O brasileiro José Graziano da Silva, recém-eleito diretor-geral da Organização das Nações Unidas para Agricultura e Alimentação (FAO), prepara-se para enfrentar grandes desafios no comando de uma das agências mais importantes da ONU. O primeiro será unir uma organização dividida e dependente de recursos dos países desenvolvidos, que exigem resultados. Além da experiência com o programa Fome Zero, no início do governo Lula, Graziano deve colocar em prática seus dotes de negociador. O novo diretor prometeu dar inicio a uma "nova era" no organismo. Quando tomar posse, em 1º de janeiro próximo, deve negociar uma reforma interna e estabelecer um plano para frear a alta dos preços dos alimentos.

A volatilidade no mercado de produtos agrícolas e a fome, que afeta quase 925 milhões de pessoas no mundo, tiveram destaque na entrevista coletiva concedida por Graziano ontem na sede da FAO, em Roma. "Estamos vivendo uma época atípica, em que os altos preços dos alimentos se combinam com um crescimento lento da economia mundial e bilhões de pessoas que não têm acesso à alimentação. Isso não é apenas um desafio: pode ser também uma oportunidade", comenta William Meyers, professor de economias agrícola na Universidade de Missouri.

Graziano comentou os planos da França, que preside atualmente o G-20, para definir políticas capazes de regular os mercados e reduzir a volatilidade das commodities agrícolas. "Acreditamos que a volatilidade permanecerá por muito tempo, os preços permanecerão altos por não sei quantos anos. A especulação vai seguir afetando até que os mercados financeiros se normalizem", declarou o novo diretor à imprensa.

De acordo com o especialista americano, a FAO tenta há mais de uma década sensibilizar os governos do mundo para a falta de investimento na agricultura, especialmente em favor dos pequenos produtores nos países em desenvolvimento. "A parte boa dos preços altos é que ela chamou a atenção para o problema e estimulou incentivos à produção. A parte ruim é que eles afetam ainda mais os pobres. Isso apenas reforça a necessidade de a FAO agir, com programas que tanto estimulem a produção de alimentos como o aumento dos rendimentos da população rural", sugere Meyers.

Pressões Graziano deve enfrentar forte pressão dos principais países que financiam a organização, como Estados Unidos e Reino Unido, que esperam por resultados mais concretos, depois do longo período sob direção de Diouf.
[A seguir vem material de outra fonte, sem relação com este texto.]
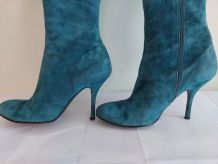 35C* Pura LOPEZ sexy bottes bleues tt cuir luxe (40)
A FAO, embora seja a maior agência da ONU, é a que mais depende de fundos doados pelos países-membros. "A impermanência e os termos de referência restritivos dos fundos fazem com que a FAO tenha pouca flexibilidade operacional, se comparada a programas de agricultura e segurança alimentar do Banco Mundial, por exemplo", afirma Steve Suppan, analista do Instituto para Agricultura e Políticas Comerciais (IATP, em inglês).

O novo diretor-geral reafirmou sua confiança em que "é possível erradicar a fome no mundo". Sua vitória na disputa com o ex-chanceler espanhol Miguel Ángel Moratinos, por apenas quatro votos, foi a principal vitória da política externa brasileira em seus esforços para aumentar a presença do país na governança global. A presidente Dilma Rousseff, que divulgou nota no domingo ressaltando o "reconhecimento pela comunidade internacional das transformações socioeconômicas em curso em nosso país", prometeu ontem "firme apoio" a Graziano no exercício do cargo de maior visibilidade internacional confiado a um brasileiro no sistema da ONU.